→ What is expected
Your answer should be the exact lines of the data below from the one containing "Una cabaña de" through the one containing "a hotel room"; please include nothing else.

→ Provided material
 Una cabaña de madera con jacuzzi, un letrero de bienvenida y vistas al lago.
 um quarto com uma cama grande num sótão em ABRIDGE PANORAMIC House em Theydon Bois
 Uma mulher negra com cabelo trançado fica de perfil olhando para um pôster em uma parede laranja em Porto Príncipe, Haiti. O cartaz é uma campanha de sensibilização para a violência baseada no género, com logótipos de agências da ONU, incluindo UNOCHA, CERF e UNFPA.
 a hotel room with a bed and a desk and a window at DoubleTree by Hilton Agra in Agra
* * *
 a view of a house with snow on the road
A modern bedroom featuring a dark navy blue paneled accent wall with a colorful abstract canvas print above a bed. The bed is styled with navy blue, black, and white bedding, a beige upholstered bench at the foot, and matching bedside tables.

→ Written answer
 Una cabaña de madera con jacuzzi, un letrero de bienvenida y vistas al lago.
 um quarto com uma cama grande num sótão em ABRIDGE PANORAMIC House em Theydon Bois
 Uma mulher negra com cabelo trançado fica de perfil olhando para um pôster em uma parede laranja em Porto Príncipe, Haiti. O cartaz é uma campanha de sensibilização para a violência baseada no género, com logótipos de agências da ONU, incluindo UNOCHA, CERF e UNFPA.
 a hotel room with a bed and a desk and a window at DoubleTree by Hilton Agra in Agra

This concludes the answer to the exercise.